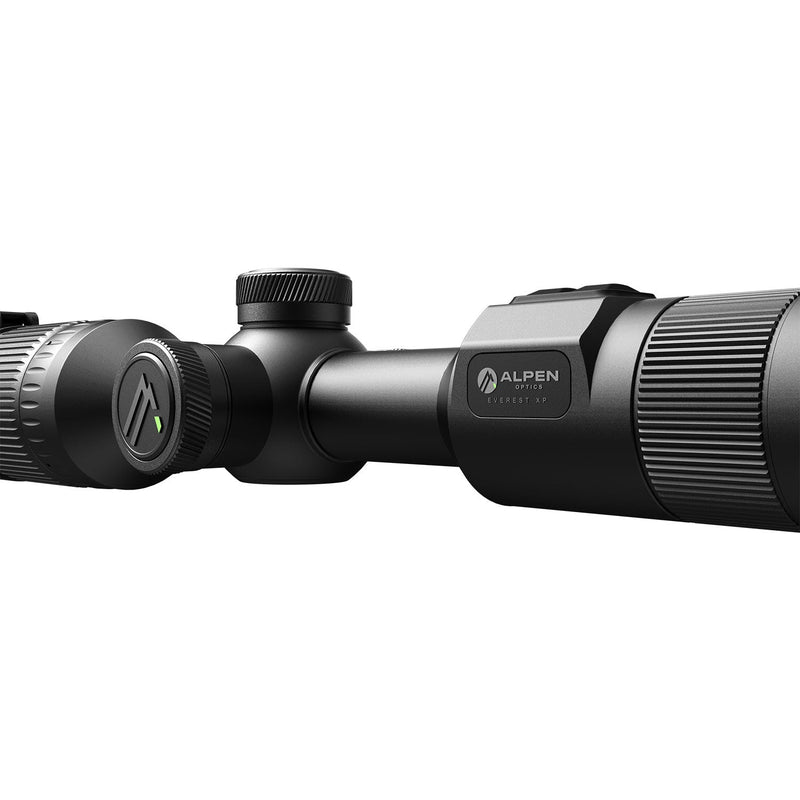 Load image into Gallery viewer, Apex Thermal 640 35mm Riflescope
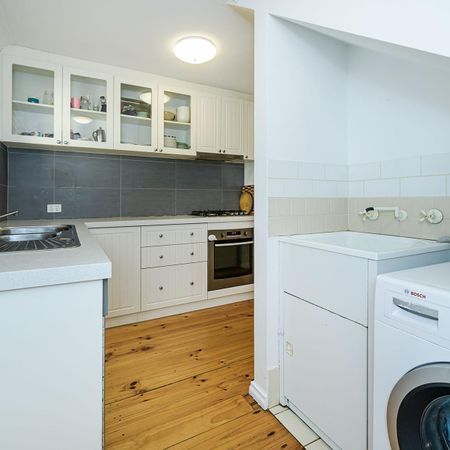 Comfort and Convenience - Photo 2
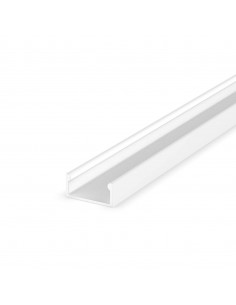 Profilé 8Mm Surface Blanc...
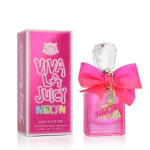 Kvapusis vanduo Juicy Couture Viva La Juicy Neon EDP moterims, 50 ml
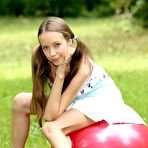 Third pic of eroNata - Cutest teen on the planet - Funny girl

::::

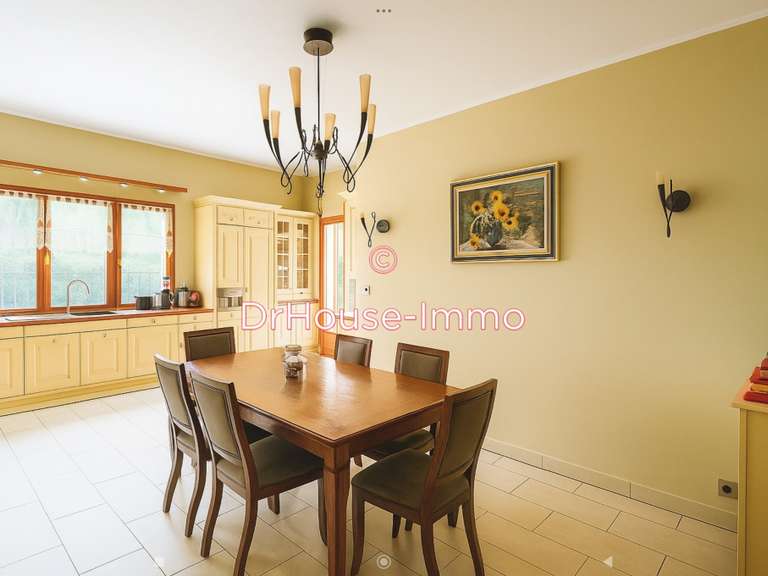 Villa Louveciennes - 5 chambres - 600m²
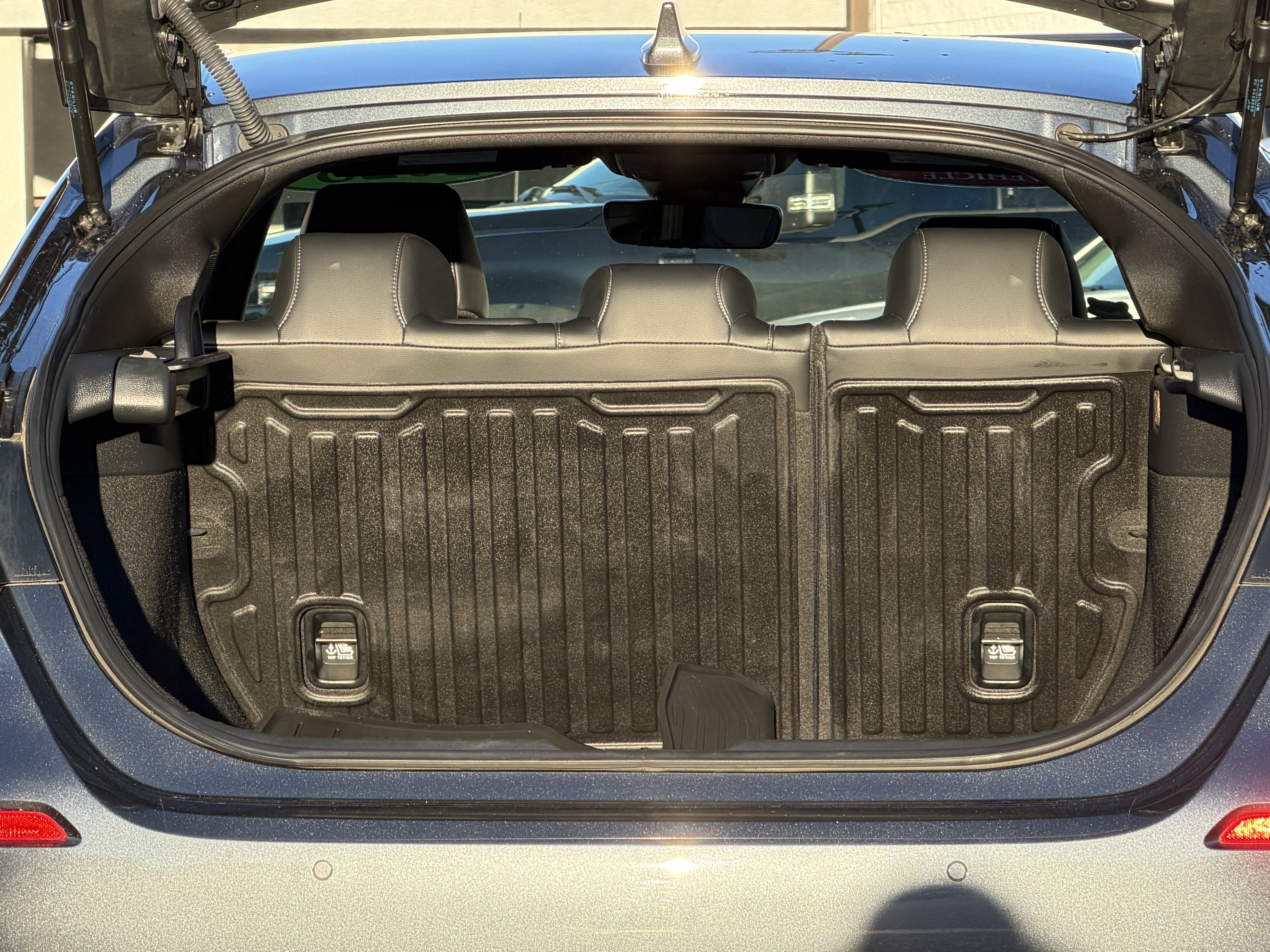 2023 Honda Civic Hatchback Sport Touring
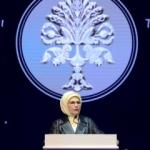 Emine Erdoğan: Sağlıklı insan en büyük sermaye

::::

## Your instructions
Everything between and including the line above containing "Load image into" and the line containing "Third pic of" should be reproduced exactly, with pictures excluded.

## Task output
 Load image into Gallery viewer, Apex Thermal 640 35mm Riflescope
 Comfort and Convenience - Photo 2
 Profilé 8Mm Surface Blanc...
 Kvapusis vanduo Juicy Couture Viva La Juicy Neon EDP moterims, 50 ml
 Third pic of eroNata - Cutest teen on the planet - Funny girl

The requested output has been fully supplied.